Sementara di sisi lain, udara dingin tanpa perlindungan menghadang kaum muslimin disertai rasa lapar yang sangat. Namun peperangan ini lebih bersifat perang urat saraf dan karena mereka telah dihantui rasa takut oleh kekuatan kaum Muslimin, akhirnya kaum Yahudi Bani Quraidzah tunduk dan mereka menyerahkan keputusannya kepada Rasulullah ﷺ.
Orang-orang Anshar menghadap Rasulullah ﷺ untuk meminta keringanan hukuman terhadap Bani Quraidzah, mengingat hubungan baik mereka selama ini.
Maka dengan bijaksana Rasulullah ﷺ menunjuk seorang sahabat dari kalangan Anshar yang bernama Sa'ad bin Mu'adz untuk menetapkan hukuman untuk mereka.
Sa'ad bin Mu'adz memberikan ketetapannya berupa hukuman mati kepada setiap laki-laki dewasa dari Bani Quraidzah, sedangkan kaum wanitanya ditawan dan harta-harta mereka dibagi-bagikan. Mendengar keputusan tersebut, Rasulullah ﷺ berkomentar, “Engkau telah menetapkan hukum Allah dari atas tujuh lapis langit.”

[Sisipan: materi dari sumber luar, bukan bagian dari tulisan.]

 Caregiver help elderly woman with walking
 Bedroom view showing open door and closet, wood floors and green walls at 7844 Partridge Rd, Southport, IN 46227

Baca juga: Secarik Alquran Bertuliskan Ayat As-Saffat Ditemukan di Puing Masjid Gaza, Ini Tafsirnya
Maka segeralah dilaksanakan ekskusi hukuman mati dengan memenggal kepala orang dewasa dari Bani Quraidzah yang berjumlah antara 600 hingga 700 orang, termasuk di dalamnya tokoh Yahudi Bani Nadir, Huyay bin Akhthab, bapak dari Shafiah Ummul Mu'minin radhiallahuanha, yang saat itu juga ikut berlindung di benteng Bani Quraidzah.
Hukuman yang sepintas sangat keras ini, sebenarnya sangat layak diberikan kepada Bani Quraidzah, mengingat penghianatan mereka di saat-saat Rasulullah ﷺ sangat membutuhkan bantuan mereka berdasarkan perjanjian yang telah disepakati.
Apalagi ternyata diketahui kemudian, setelah kaum Muslimin memeriksa benteng mereka, didapati di dalamnya perlengkapan perang lengkap yang sangat banyak. Hal itu menunjukkan bahwa mereka memiliki rencana lebih besar lagi terhadap kaum Muslimin. Pada masa kini, mereka layak dikatakan sebagai penjahat perang yang harus dihukum mati.